From the derivative, we see that MCP starts with the same penalization rate as Lasso (at \(|x|=0\)), and then quickly relaxes it down to zero as the magnitude of coefficients increases.

Visualization of Lasso, SCAD, MCP and their derivatives (from Patrick Breheny’s lecture on BIOS 7240).

3 Two new penalization methods

3.1 GMC

If we categorize penalty functions based on the convexity of the penalized least squres problem, we have

convex penalization: Lasso and its variants

Convex penalization methods use convex penalty functions and deal with a convex optimization problem, which has no sub-optimal minimizers.
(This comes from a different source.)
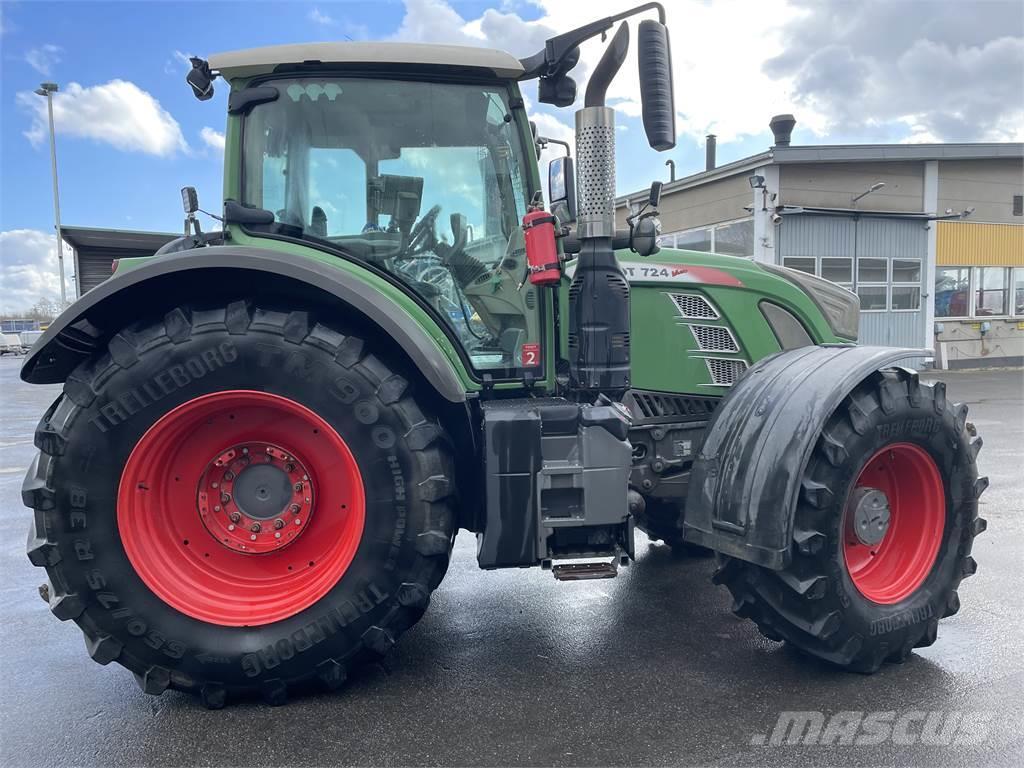 Fendt 700 724 VARIO Traktorer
But convex penalization tends to under-estimate large magnitude coefficients.
nonconvex penalization: SCAD and MCP

Non-convex penalization methods employ folded convave penalty functions, which can mitigate the estimation bias as we discussed above. But with a nonconvex penalty, the penalized least squares problem is not guaranteed to be convex. It is often that the problem has multiple local minimizers, which are not global minimizers. Algorithms for solving such problem can be trapped in local minimizers.

A new penalization strategy called convex-nonconvex (CNC) penalization was studied in the field of signal processing. The motivation is to design a nonconvex penalty function but maintain the convexity of the optimization problem, so that one can enjoy the benefits of convex and nonconvex penalization simultaneously.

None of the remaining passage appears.